- [Assigned task]: Everything from the line with "Romantic and Flirty Matcha Puns" to the line with "Conservative Investment Strategies" in the listing below, both lines included, needs to be copied exactly, apart from the pictures.

- [Input records]:
+-------+
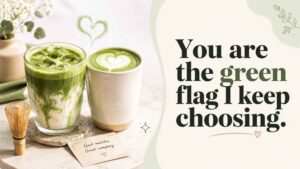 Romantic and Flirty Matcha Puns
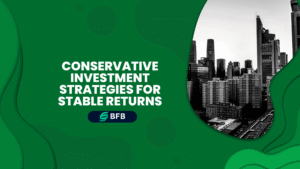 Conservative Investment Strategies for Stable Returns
+-------+
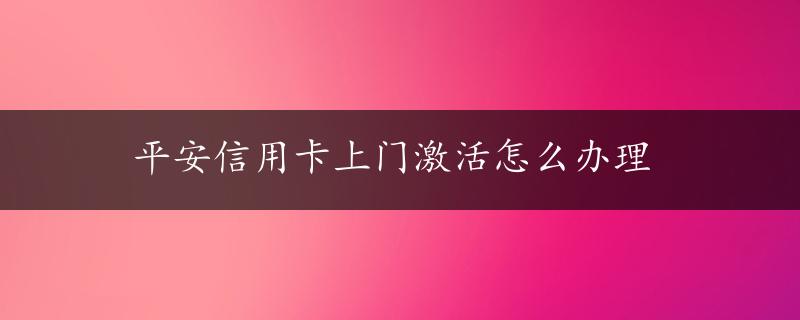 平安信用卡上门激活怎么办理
+-------+
- [Problem solution]:
 Romantic and Flirty Matcha Puns
 Conservative Investment Strategies for Stable Returns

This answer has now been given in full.